For AMD Bulldozer to be detected correctly, we would need to expose
the thread_id's along with thread siblings information to determine
the two threads belonging together.
NB, the socket_id / core_id values in the above XML are *not* intended
to be anyway related to similarly named values in /proc/cpuinfo. They
are values libvirt assigns to show the topology accurately.
Hm, in that case I'm not sure if it's worth bothering with detecting
the topology, then (possibly) making up the data provided in the
XML. The management applications then will have to calculate the
topology from our data again just to know the topology. For other
possible uses of the data the management app would still need to
re-detect it on their own if they need (for some reason) the actual
data.
The point is that libvirt is intended to provide a representation
of the data that is independant of the underlying technology. Apps
using libvirt can't expect to read /proc/cpuinfo directly and then
expect libvirt to match that exactly. They should be using the
libvirt APIs/XML for this exclusively & if there is something missing
which prevents them doing this, then we need to add it.
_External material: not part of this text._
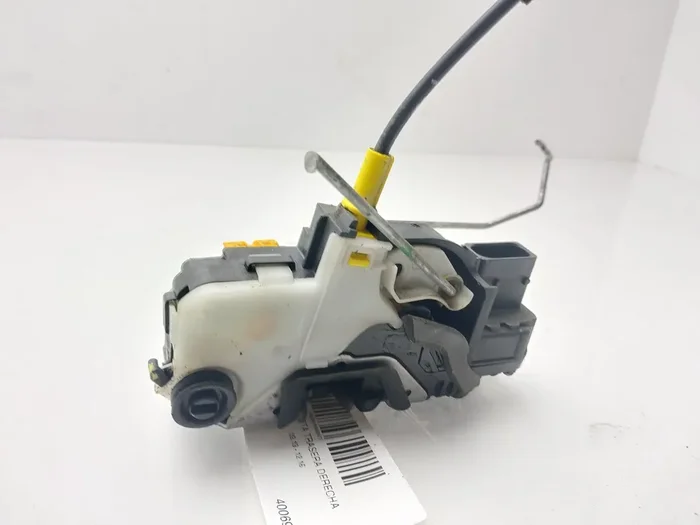 CERRADURA PUERTA TRASERA DERECHA CHEVROLET TRAX 13579546-9426477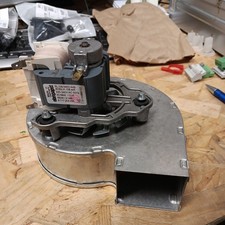 Junkers Lüfter Gebläse Motor ZR/ZSR/ZWR -2, -3, -5 8717204215 87172042240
Okay, this is fair enough and might work even for non-symetric
multiprocessor systems.
Also, even with non-real data in these fields here it won't enable
us to reflect the topology of AMD Bulldozer reliably. We would have
to choose whether we'd like to report the modules as cores or
threads. And each of these choices will possibly make someone
complain that they don't like the choice.
I think you're creating a problem where none exists - there is a clear
difference between what is a hyperthread vs what is a core, so there
is no ambiguity in what we choose to use. We must simply pick the one
that is right.
I beg to differ:
"This technology is informally called CMT (Clustered Multi-Thread) and
formally called "module" by the AMD's marketing service, but whose real
name is "Clustered Integer" Core Technology. In terms of hardware
complexity and functionality, this "module" is midway between a true
dual-core processor and its integer power (each thread having a fully
independent integer core) and a single core processor that has the SMT
ability, which can create a dual threads processor but with the power of
one (each thread shares the resources of the core with the other thread)."
(source:
http://en.wikipedia.org/wiki/Bulldozer_(microarchitecture)#BULLDOZER_Core_.28aka_Module.29
)
oVirt/vdsm considers the "Module" as a core with two threads, where
others consider it more as separate cores. The performance depends on
the type of task that is being run on the module.
The kernel is also using an ambiguous description where the core ID's of
the two threads of a module are different and also the thread siblings
field is filled out targeting each other.